Specialist Advice Without the Wait

The six-month wait to see a specialist is more than an inconvenience, it poses a serious risk to care. Dr. Barbara Griffith, President of Duke Raleigh Hospital, described a technical solution that helps address this delay: the “e-consult.”

E-consults allow a primary care physician to communicate directly with a specialist over a quick check-in, often while the patient is still in the primary care office. The specialist can offer immediate advice and insights that the primary care doctor can then incorporate into the treatment plan. This process shift allows specialists to empower primary care physicians, rather than being the obstacle to the next phase of treatment. For the patient, it fundamentally changes the journey from a passive waiting game to active improvements, while saving months of waiting and extra appointments.

“That really can make a difference in terms of the efficiency of getting the right care to the right people without relying on those traditional models,” said Barbara.

The Surprising Wisdom of Legislative Patience

The panel was ably moderated by Senator Gale Adcock, who is also a former nurse practitioner.

When asked about the legislature’s role in healthcare technology, Gale took a less-is-more approach, arguing that the legislature’s best course of action is to adhere to the medical mantra “do no harm” and “not act prematurely.” With only two healthcare professionals among 50 state senators, Adcock explained that passing laws without a deep understanding could “tie the hands of our hospitals and educators and clinicians.” She made the case instead for a more collaborative approach where lawmakers allow the industry to innovate and identify specific needs or potential loopholes before stepping in to craft thoughtful, effective regulation.

For her part, Adcock was most enthusiastic to hear “new ways of thinking about old ways of giving care. In particular, Adcock was a fan of keeping patients at home when possible.

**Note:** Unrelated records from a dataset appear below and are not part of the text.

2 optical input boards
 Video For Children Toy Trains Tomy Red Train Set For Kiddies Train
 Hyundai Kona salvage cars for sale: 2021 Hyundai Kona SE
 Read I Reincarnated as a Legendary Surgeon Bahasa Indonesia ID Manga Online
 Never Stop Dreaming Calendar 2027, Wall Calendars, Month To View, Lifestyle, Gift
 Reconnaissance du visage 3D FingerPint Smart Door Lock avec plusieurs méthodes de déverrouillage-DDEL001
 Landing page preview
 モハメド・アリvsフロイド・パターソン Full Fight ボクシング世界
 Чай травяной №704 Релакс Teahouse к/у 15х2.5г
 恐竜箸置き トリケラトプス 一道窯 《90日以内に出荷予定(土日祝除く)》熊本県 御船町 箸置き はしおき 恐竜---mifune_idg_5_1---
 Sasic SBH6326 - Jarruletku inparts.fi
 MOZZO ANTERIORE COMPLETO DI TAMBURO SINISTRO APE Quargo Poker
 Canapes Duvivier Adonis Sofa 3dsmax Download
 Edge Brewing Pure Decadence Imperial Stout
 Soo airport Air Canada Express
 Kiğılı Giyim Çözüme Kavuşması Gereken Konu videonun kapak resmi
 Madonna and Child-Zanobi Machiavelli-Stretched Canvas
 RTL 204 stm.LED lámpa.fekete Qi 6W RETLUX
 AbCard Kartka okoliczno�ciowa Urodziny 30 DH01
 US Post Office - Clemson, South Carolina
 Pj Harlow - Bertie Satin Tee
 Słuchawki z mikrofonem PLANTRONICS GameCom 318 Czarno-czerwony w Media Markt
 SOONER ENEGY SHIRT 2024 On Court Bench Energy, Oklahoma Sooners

“Not everybody needs to be in a hospital to actually do well, and often they do much better at home, in particular older people,” Gale said after the session. “That willingness to think outside the box, I think that was exciting to me as well.”

The Hospital of the Future Isn’t a Building

The future of healthcare access in Wake County isn’t waiting for a new hospital wing to be built; it’s being coded, automated, and shared today. Barbara pointed to the use of Electronic Medical Records as an example. EMRs are by no means a new technology, but they continue to represent a foundational solution for improved continuity of care. These tools enhance the quality and safety of patient experiences while enabling quicker interactions as they transition between providers.

And ultimately, it is these tools that will “save” Wake County from the continued pressures of exponential growth. The discussions at the Wake GPS Summit revealed that the most impactful advancements are not futuristic hypotheticals, but practical — and often simple — tools that follow the patient. Models of healthcare may change, but as long as we continue to facilitate information sharing across systems and providers, the patients will continue to benefit.